Write the records out exactly, so that no picture remains in the copy.

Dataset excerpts
•••

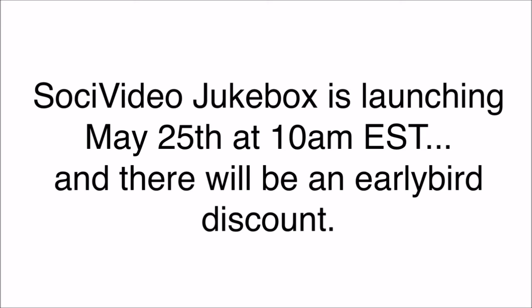So Social Video Jukebox is launching May 25th at 10am EST.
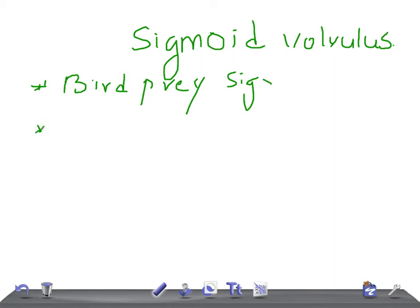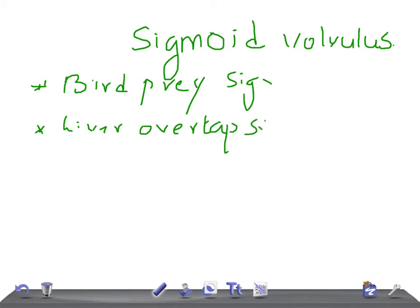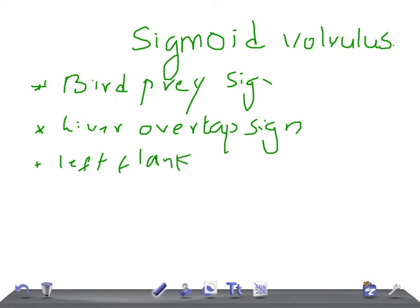Then we have what you call the liver flap sign, or lap sign. We also have the left flank overlap sign.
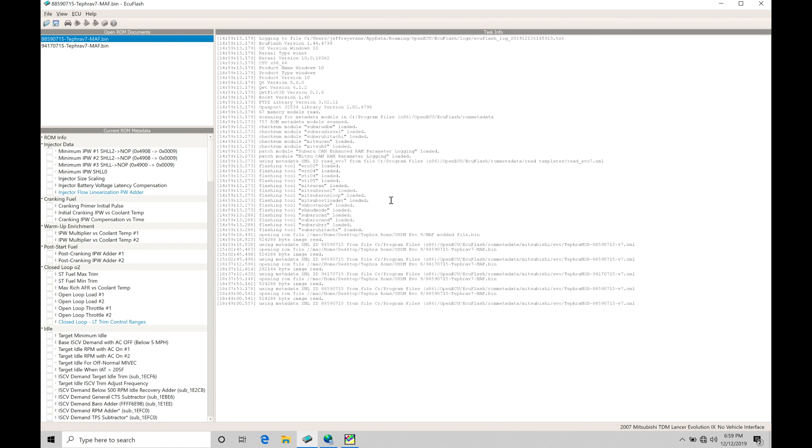I want to cover something very important that we haven't covered yet in any of our training course videos. That's going to be getting a wideband reading accurately into our EvoScan as well as into our data logs to review in our Megalog Viewer software.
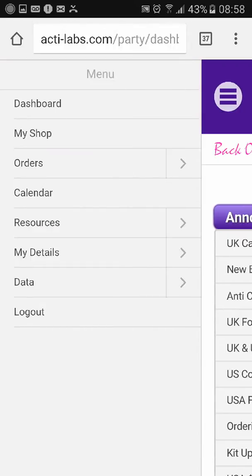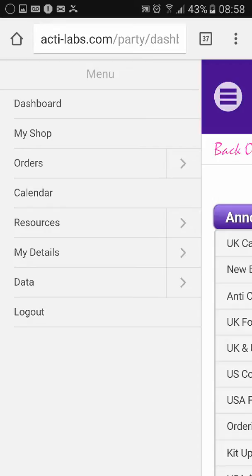In here we have the dashboard, your shop where you will find all the products, product details, and prices, where you click for orders, your calendar if you're booking parties, and your resources where you will find training.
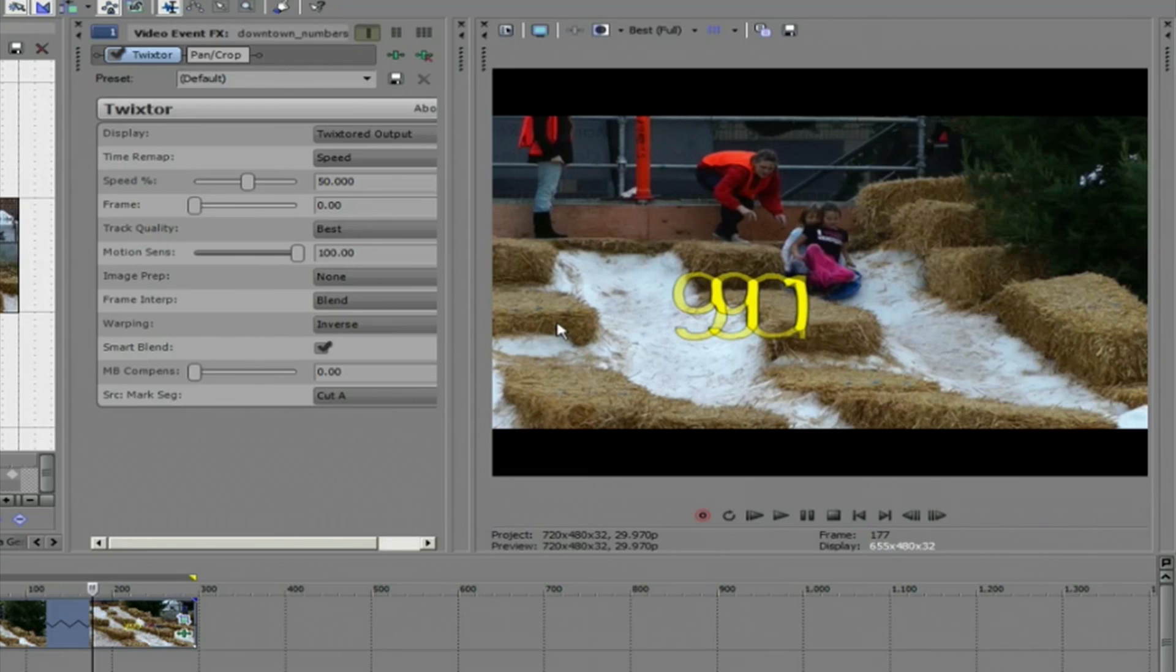This was a quick overview on a few tips for using Twixter in Sony Vegas. Check out some of the other tutorials and the documentation for more information.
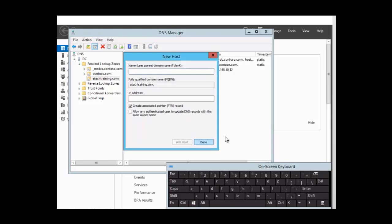Remember that by default you have dynamic DNS. If you were to click on the properties of the zone, you would see dynamic DNS secure only. So your resource record — your website address — gets added to the DNS database automatically. It is only if you want to add this record manually that you would right-click on the zone and say new host record, which is what we did.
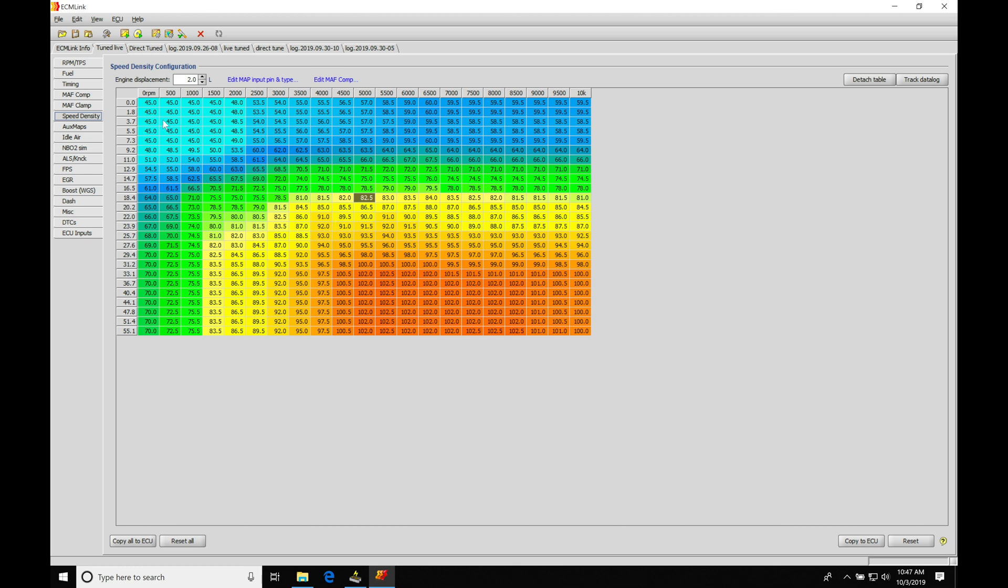So when we're doing our tuning, essentially, if we turn our values down here, it'll report the air mass less, therefore the fuel mass will be less, and therefore the injector pulse width will drop. If we increase our values, we're reporting more air mass, driving up the fuel mass, driving up the injector pulse width.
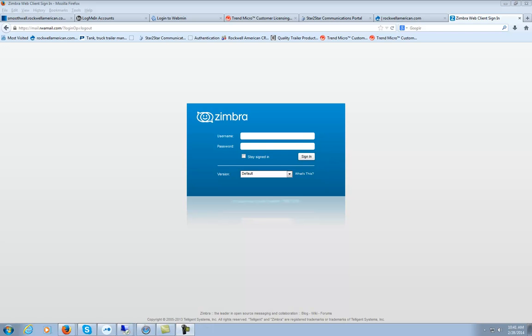Today I'm going to show you how to reset your password in Zimbra. We're going to log in to Zimbra.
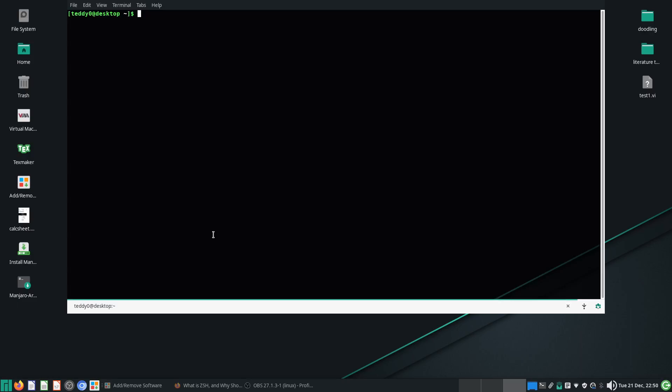So where do we get our ZSHRC file? We actually get it from /etc/skel, then ZSHRC. I'll copy it to my ZSHRC file.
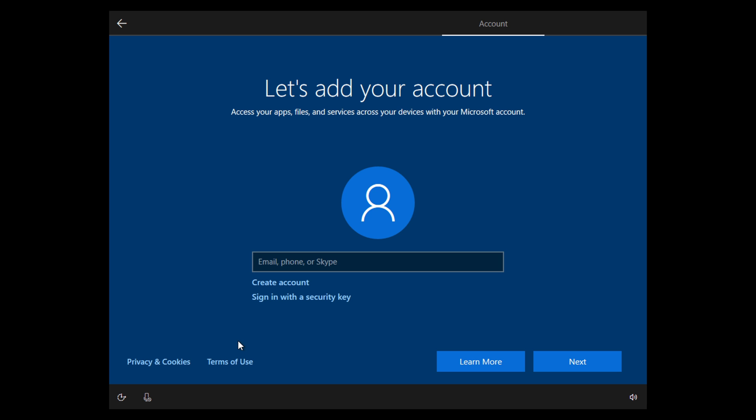There used to be an option right here that said something like domain join, where you could create a standard computer account like we've done for years. Now that option has disappeared, and you're only left with signing in with your Microsoft account or creating a new account.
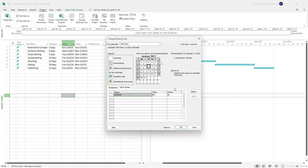That is how you can create an entirely new calendar for your reference inside Microsoft Project. Hope you learned something today — please like, comment, share, and subscribe.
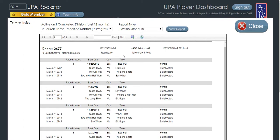The session report provides you with all of the basic information you need for the upcoming weeks of play. This happens to be a fixed division with all nights being played at Bull Shooters. The game is nine ball, nightly dues are $10, they're playing on seven foot tables, and there are 10 weeks to this specific session.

•••

TASK ANSWER =>
So Social Video Jukebox is launching May 25th at 10am EST.
Then we have what you call the liver flap sign, or lap sign. We also have the left flank overlap sign.
I want to cover something very important that we haven't covered yet in any of our training course videos. That's going to be getting a wideband reading accurately into our EvoScan as well as into our data logs to review in our Megalog Viewer software.
In here we have the dashboard, your shop where you will find all the products, product details, and prices, where you click for orders, your calendar if you're booking parties, and your resources where you will find training.
This was a quick overview on a few tips for using Twixter in Sony Vegas. Check out some of the other tutorials and the documentation for more information.
Remember that by default you have dynamic DNS. If you were to click on the properties of the zone, you would see dynamic DNS secure only. So your resource record — your website address — gets added to the DNS database automatically. It is only if you want to add this record manually that you would right-click on the zone and say new host record, which is what we did.
So when we're doing our tuning, essentially, if we turn our values down here, it'll report the air mass less, therefore the fuel mass will be less, and therefore the injector pulse width will drop. If we increase our values, we're reporting more air mass, driving up the fuel mass, driving up the injector pulse width.
Today I'm going to show you how to reset your password in Zimbra. We're going to log in to Zimbra.
So where do we get our ZSHRC file? We actually get it from /etc/skel, then ZSHRC. I'll copy it to my ZSHRC file.
There used to be an option right here that said something like domain join, where you could create a standard computer account like we've done for years. Now that option has disappeared, and you're only left with signing in with your Microsoft account or creating a new account.
That is how you can create an entirely new calendar for your reference inside Microsoft Project. Hope you learned something today — please like, comment, share, and subscribe.
The session report provides you with all of the basic information you need for the upcoming weeks of play. This happens to be a fixed division with all nights being played at Bull Shooters. The game is nine ball, nightly dues are $10, they're playing on seven foot tables, and there are 10 weeks to this specific session.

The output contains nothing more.